I personally find the celebration of Columbus Day abhorrent. My realization of that fact began with one of my High School History Teachers, Mr. Vandierdonck.

I, like most of you, never really thought much of the Columbus Day holiday. We didn’t often get it off from school, so it was really nothing to get excited about at age 15. But that day in 10th grade was about to take on a whole new meaning by the time I hit 3rd period “Cultures & Civ”.

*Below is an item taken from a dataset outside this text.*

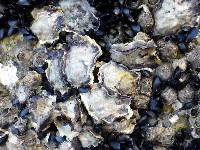 大牡蠣(葡萄牙牡蠣)藏品圖，第2張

First, let me preface this by saying that Mr. Michael Vandierdonck was a bit of a Zealous Teacher. He always treated everyone as if they were adults, calling us Sir and Miss (if you were a girl), and giving us nearly college level tests and projects. He knew most of us weren’t stupid, and could handle the workload. He never had us do anything outside of the curriculum, so to him it was standard state-mandated fare, but with a bit of excruciating zest added into the mix. He also was very liberal, something that I had come to appreciate in a teacher. Someone who wouldn’t sugarcoat the truth, or hold back facts because they felt it “wasn’t pertinent” or “it wouldn’t represent our ancestors/forefathers/allies favorably”. He was very much into having us find out alternative ideas to the mainstream and come to our own conclusions about various historical scenarios and current events situations. He was also very outspoken, and at our school that was his downfall (after this incident I will describe, he was censured by the principal of the school, then the district, which he left to work for a more liberal one).

I arrived in 3rd period C&C, as we called it (no relation to the similarly named music factory of note), to find my teacher clad in nothing but black. For a guy that normally wore a pair of slacks and a button down shirt, this was decidedly odd. He had warned us the day before that tomorrow would be different, as he would be remembering those horribly wronged. Not only was he dressed in black sweatpants and a black shirt, but he was also clad in an executioner’s mask, a balaclava, as it were.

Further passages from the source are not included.